I had planned well, I thought. I went to my 4pm lesson in concert black attire, with dinner (Zone-friendly string cheese + 2 slices luncheon ham + medium honeycrisp apple + walnuts and roasted squash seeds) packed in my bag. I figured if I left by 5:30 I could make my 6:30 call, as it is usually 30-40 minutes in rush hour.
Lesson was great, BTW. The student before me ran over, by design, I discovered. There was no student after me, as T- planned on running over with me on the other end. So I had a half hour of observing one of T-'s old students who had come back for an advanced brush-up on Haydn C. Then I had a little over an hour for my lesson, G major scale concentrating on intonation in the upper 2 octaves, and revisiting Lee #1. I've been working on memorizing it, a topic for another post, and it is amazing how much new technique gets overlaid each time I have a lesson on this etude.
Anyway, I left the lesson room at 5:20, and was exiting the parking lot by 5:30. Then I ran into one nail-biting back-up after another. The details don't sound as exciting today, but I was sweating, and grateful to end up only 10 minutes late for call.
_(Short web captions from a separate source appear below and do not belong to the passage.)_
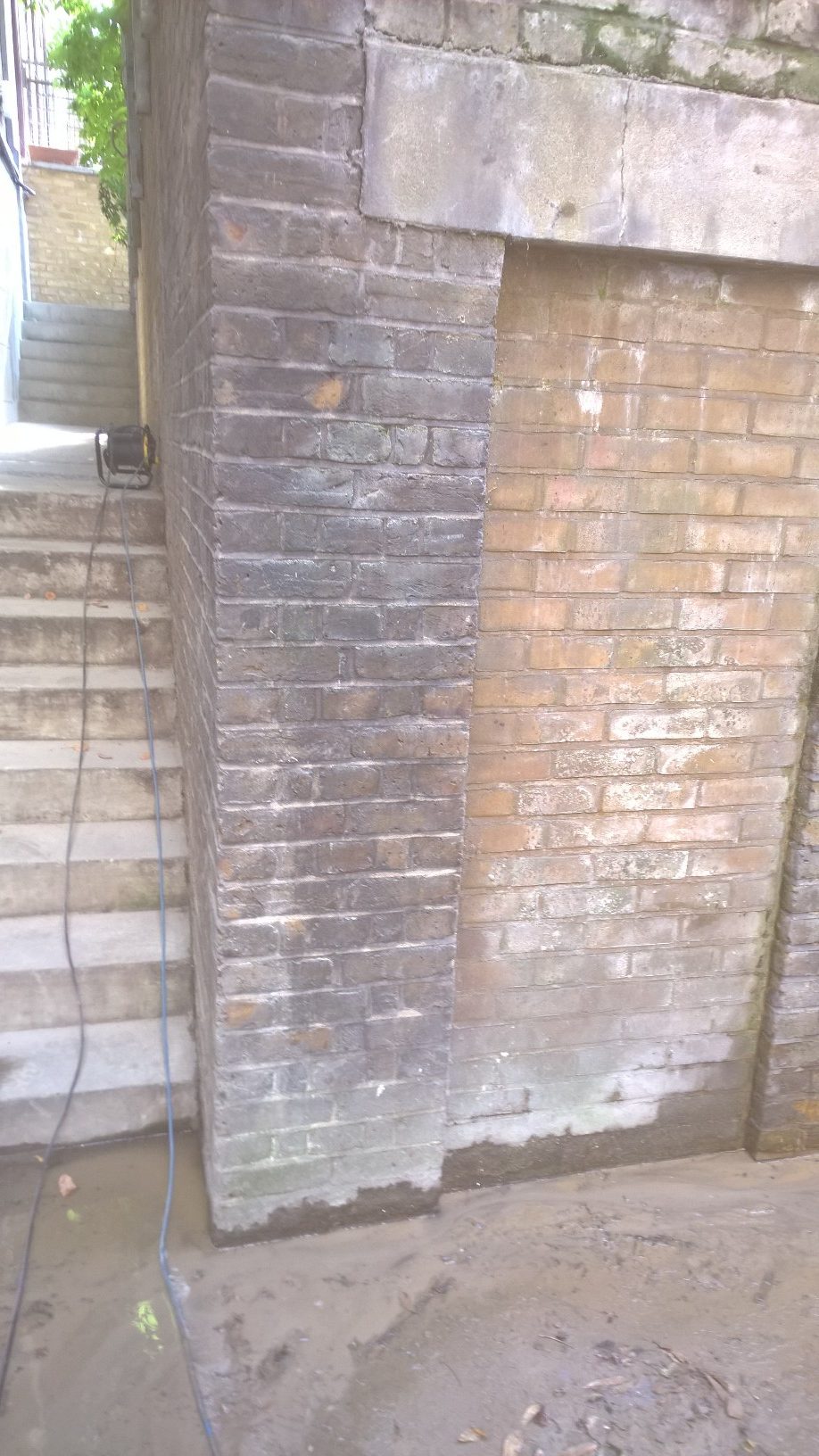 Efflorescence Removal before work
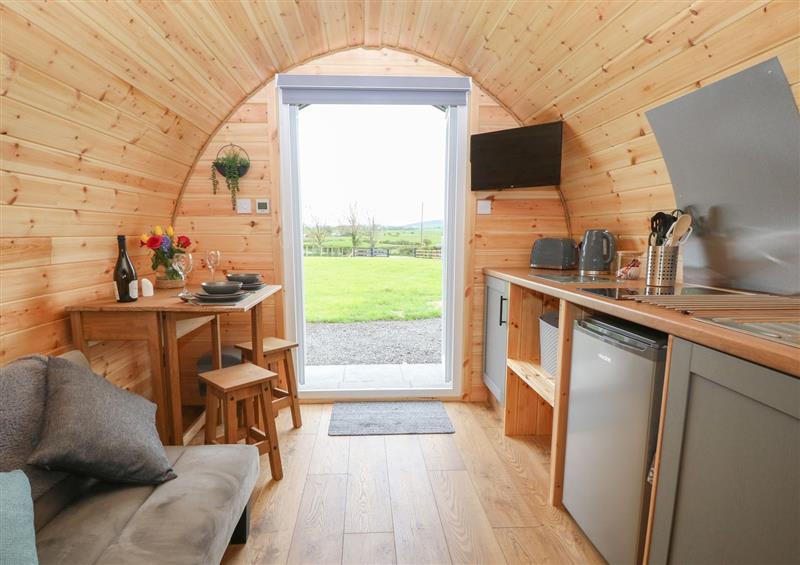 This is the kitchen at Nebo Pod, Amlwch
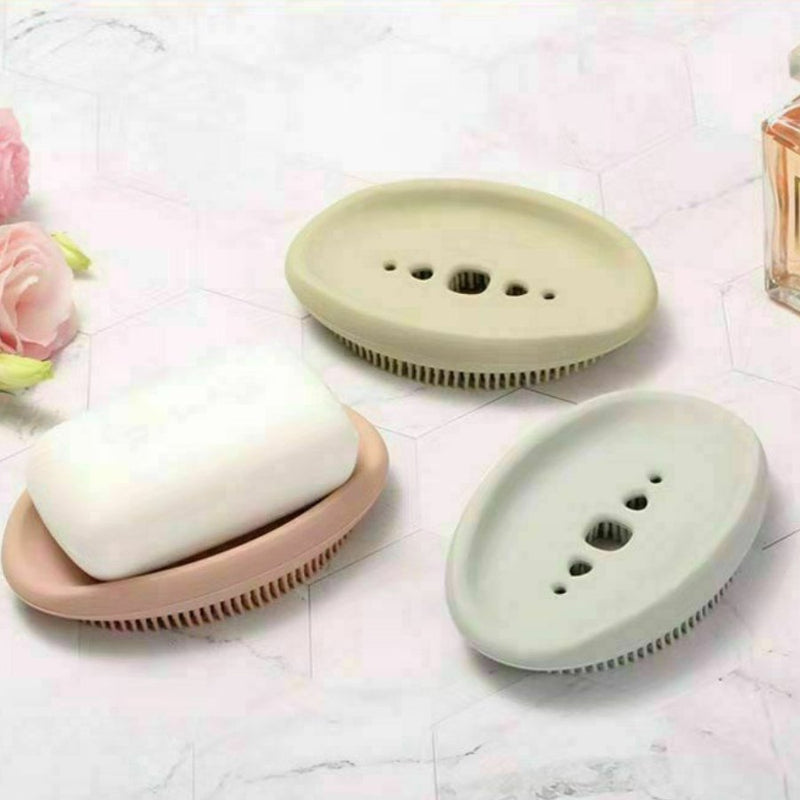 Bathroom Soap Dishes, Silicone Bar Soap Holder - Cupindy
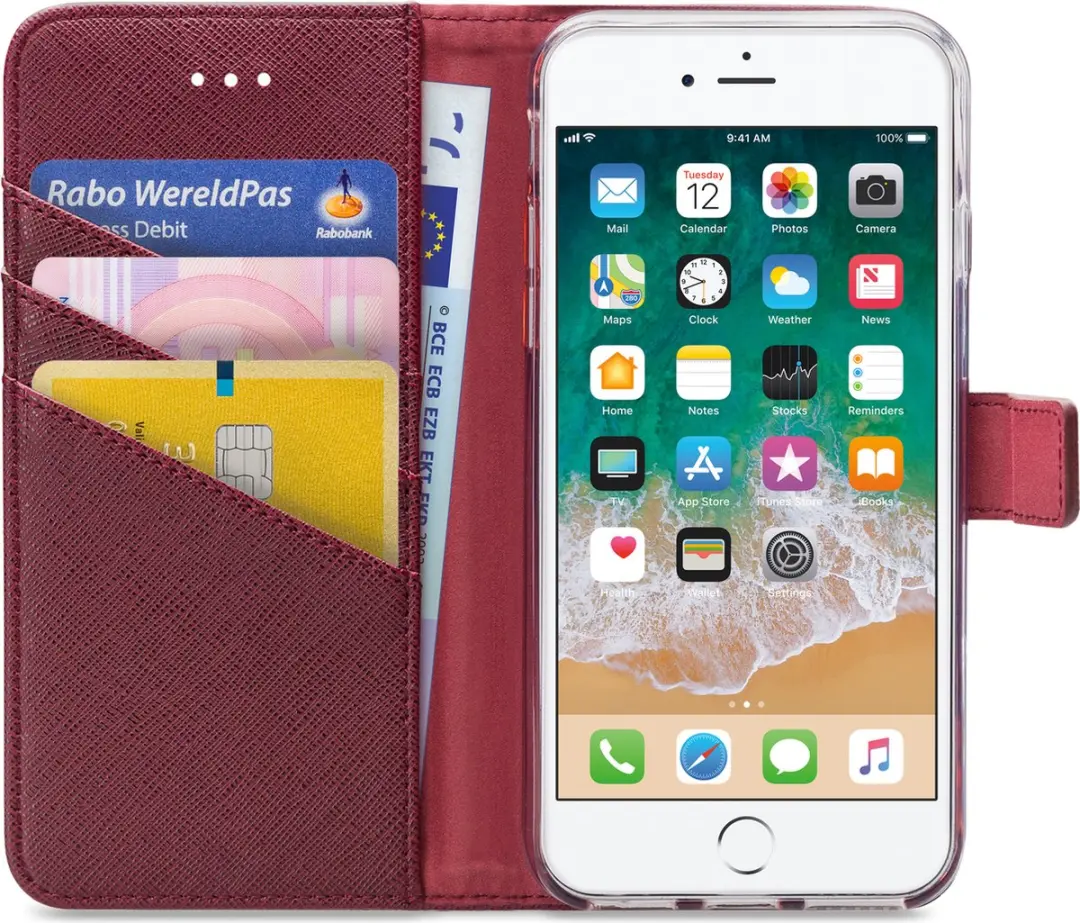 My Style MSFWLT1071 Telefoonhoesje iPhone 6/6s - Bordeaux Rood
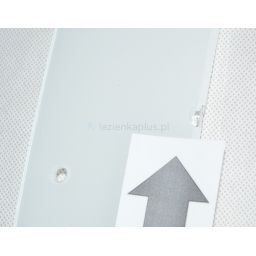 Outlet - Sollux Lighting Celia kinkiet 2x40 W biały-chrom SL.0350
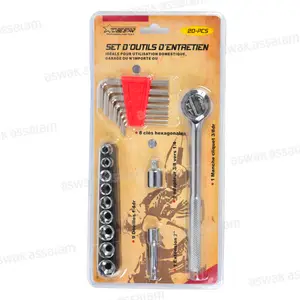 Set D'outils D'entretien 20 Pieces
We have had horrible traffic since the snow started seriously falling last week. I surely hope people remember how to drive here again, soon.
The concert was anticlimactic. DH caught this pic, so I can show you the set-up. The orchestra is in a pit formed by surrounding elevated walkways, where speakers, singers and dancers moved above us. You can see the front row of cellos on the big screen - my head is in the leftmost corner.